Now in the last portion of our trip, we have been visiting a school a few days a week to give them lessons in health promotion and to do a photo voice project. The children in this school have been selected for a variety of reasons to attend this somewhat smaller primary school, with about 300 students who attend in the mornings and afternoons. Parents often prefer for their children to attend this school, which we were told gives preference to students from a disadvantaged background. This preference is often for the individual attention that students are given; many primary schools in the area have over 1000 students, who attend in morning and afternoon sessions. Here, the director knows all students by name.
This sort of attention can be critical for children, especially since school is only compulsory until the 6th grade in Costa Rica, and primary school may be the only formal education that many citizens complete. Additionally, since this school serves a border town between Costa Rica and Nicaragua, they receive many complicated trans-border issues like undocumented families, and health problems that are not covered by the Costa Rican healthcare system which is considered by most people to be the best in Central America.
A few laps around the school probably makes for better concentration. The teachers occasionally stopped them from playing too rough, but probably just because we were there trying to work in the school yard with a few of the students.
When we arrive right before the afternoon students begin classes, the school is absolute chaos; I have noticed that in schools in the US, they get much less time to run around and play sports. These students, on the other hand, have about an hour of play before classes even start, and have breaks between classes to blow steam. Students are lightly supervised, and often dirty their uniforms before school even begins, but I believe very strongly that exercising outside is important to a child’s development.
We are working with a few students that the teachers selected to do a photo voice project. Each student was given a disposable camera to take photos of the important things in their life, and in the life around them. Later, we printed the photos, and brought them back to the students to talk about the significance behind each photo. These images came out great and the students seemed to have enjoyed the process. The maturity and ability to execute this project surprised me, although I think that the process should change in the future to take advantage of the familiarity that this new generation of youth have with digital photography. Some of them were so accustomed to taking photos with their own cellphones that they were simultaneously telling us about photos they had taken with our disposable cameras and pulling out their own devices to show us other special experiences in their lives.

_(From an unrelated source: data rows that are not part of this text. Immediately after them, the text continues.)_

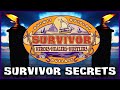 The 36 Most Surprising Secrets of Survivor: Heroes vs Healers vs Hustlers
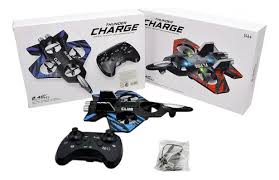 🎮 Mini Dron Thunder Charge CA01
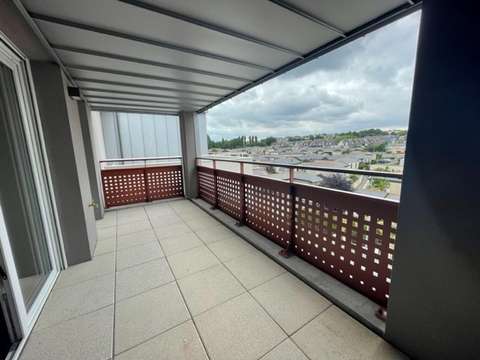 Location appartement 3 pièces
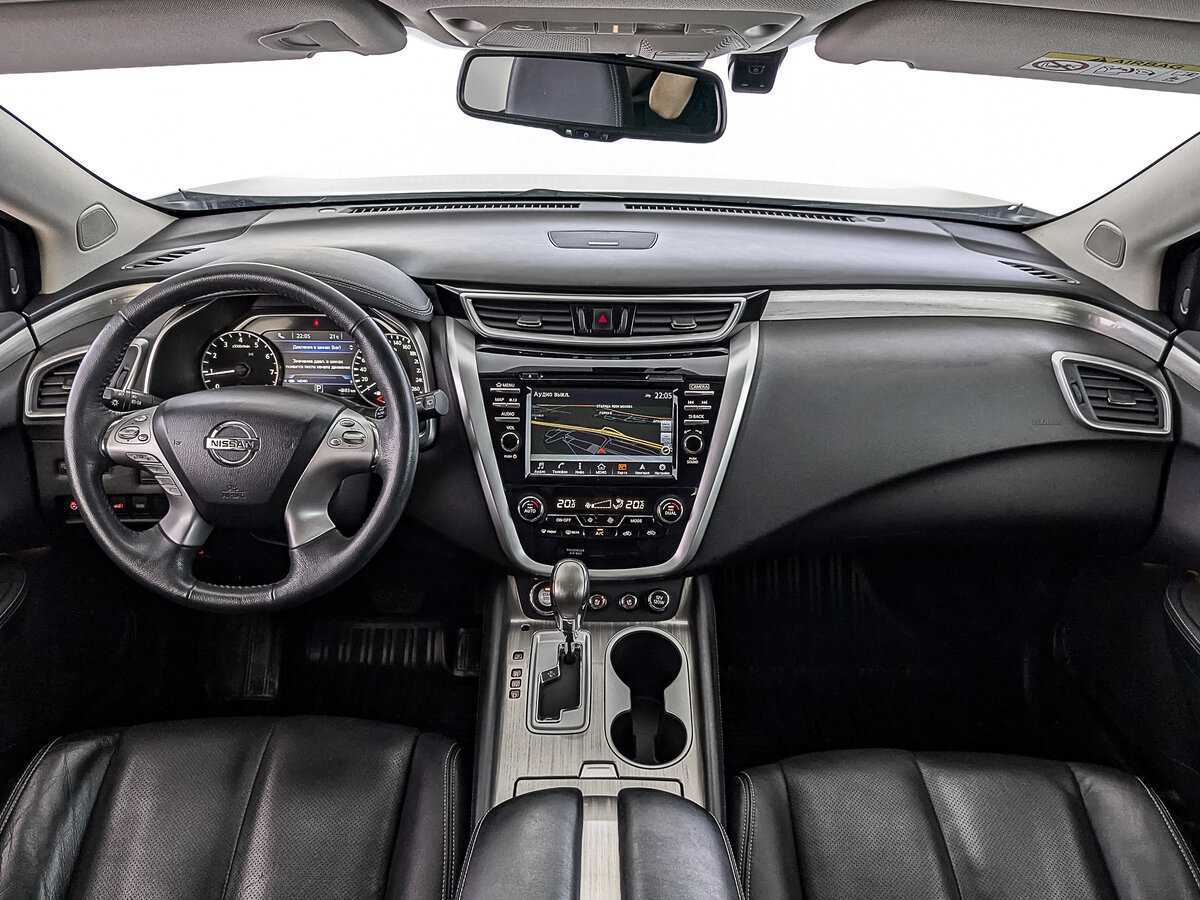 Купить Nissan Murano с пробегом. Фото: #13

Students gathering around while we discussed captions and experiences taking photos.
While we were working with the students, others crowded around to make comments on their work and were interested in the hard copies of photos that we have around. Luckily, we were able to follow through as planned and present the students with their hard copies of the photos at the end as a keepsake. In the digital age, few children knew what negatives were! It was fun to explain to eager children how they worked and how they were the old way that people made copies of photos. Few places in the area we are now are able to use them, which was an unforeseen complication!
A lesson in using negatives, which I hadn’t seen in a very long time!
Many took photos of people working around the region and demonstrated their respect for a good work ethic. Another student took mostly photos of the environment around him: trees, flowers, sloths, and agricultural workers all made their way into the set of photos. He talked later about the importance of conservation, which is a common sentiment in Costa Rica that is often hard to encounter in the United States. Many of them took photos of their pets, which are plentiful in the area. Although it is only in middle class homes that pets are allowed into the home, many families have dogs and cats that wander around and are taken care of by various neighbors. I surprisingly do not find myself afraid of dogs wandering around here, because most are so friendly. Over the course of our visit many families were recipients of new puppies and kittens!
On the last day that we went to the school, Costa Rica had a match in the world cup. Since it’s impossible to get children to concentrate while they are so excited, and the sport is so important to the country that the president actually announced that all workers are to be given off two hours to watch every match with Costa Rica in the world cup, they had set up a projector so that the whole school could watch the game together. An important sentiment that struck me is the ability to pause the normal schedule for something so important to the unity of the community and country. I’m sure that these create amazing memories for children as they socialize in school—plus, Costa Rica won!